== Aim of the task ==
Within the entries below, please return exactly the lines from the one with "Zwei Freundinnen sitzen gemeinsam im Gras" through the one with "Dzieci z Placówki", leaving out any pictures.

== Provided material ==

____

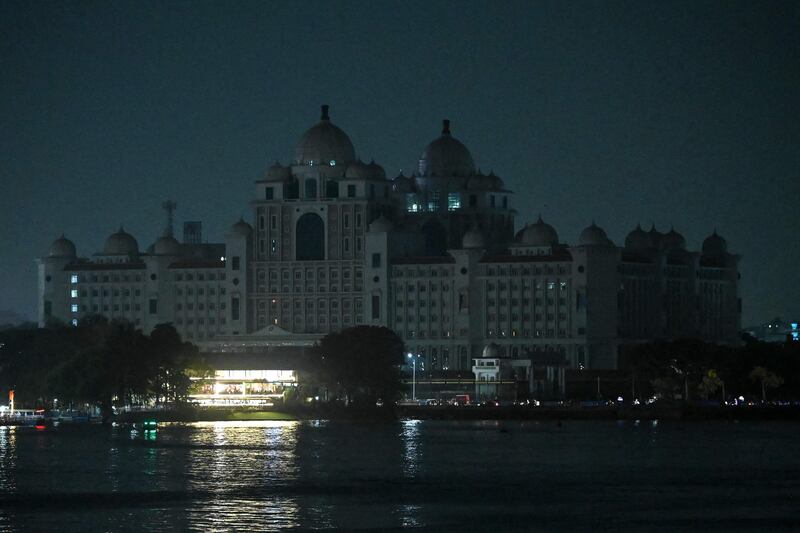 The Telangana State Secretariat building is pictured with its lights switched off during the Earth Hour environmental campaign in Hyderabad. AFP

____

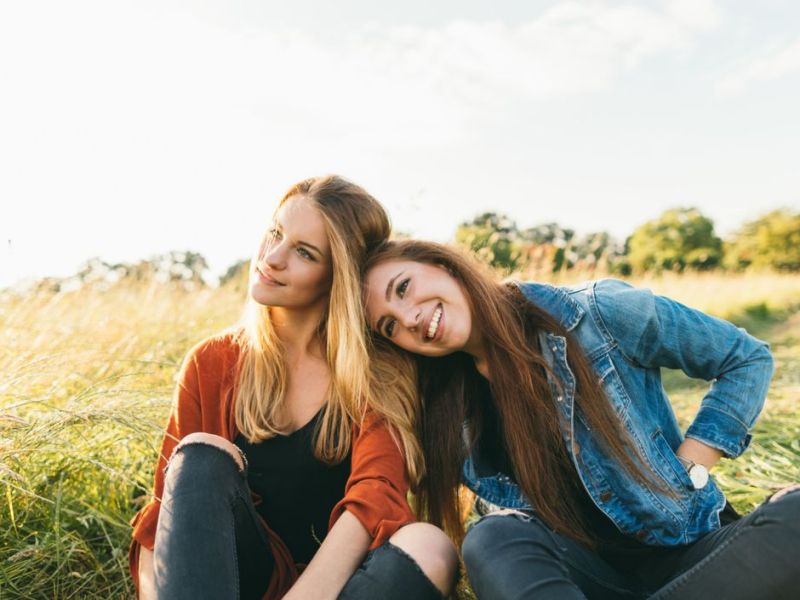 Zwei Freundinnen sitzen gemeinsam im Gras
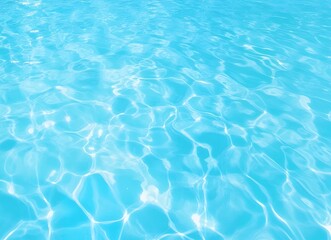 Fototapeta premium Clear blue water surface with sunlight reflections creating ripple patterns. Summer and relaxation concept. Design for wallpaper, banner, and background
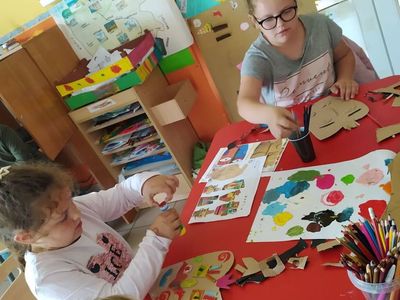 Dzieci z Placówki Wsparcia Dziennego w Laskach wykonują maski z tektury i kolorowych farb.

____

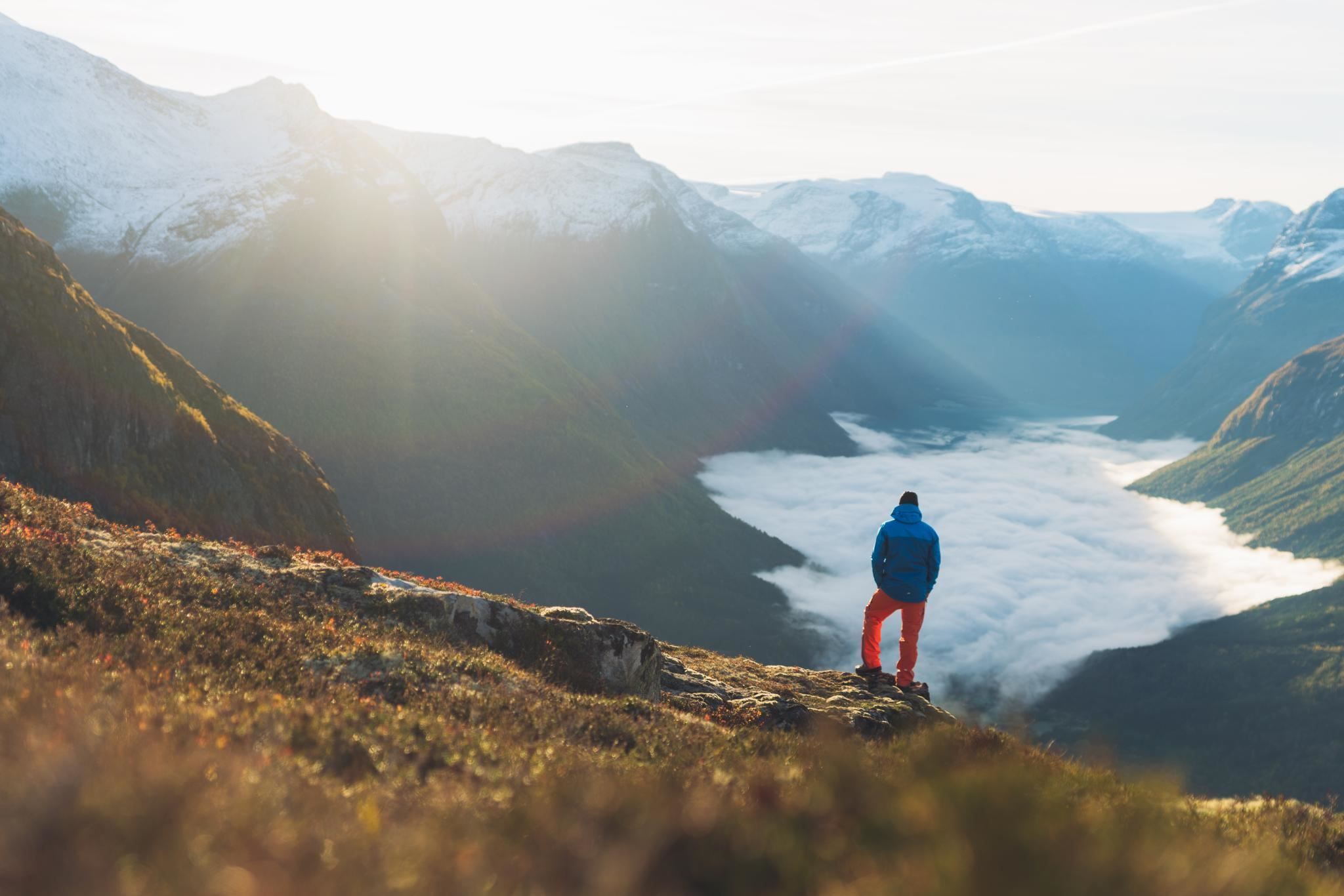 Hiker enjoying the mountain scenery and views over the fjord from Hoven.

____

== Problem solution ==
 Zwei Freundinnen sitzen gemeinsam im Gras
 Fototapeta premium Clear blue water surface with sunlight reflections creating ripple patterns. Summer and relaxation concept. Design for wallpaper, banner, and background
 Dzieci z Placówki Wsparcia Dziennego w Laskach wykonują maski z tektury i kolorowych farb.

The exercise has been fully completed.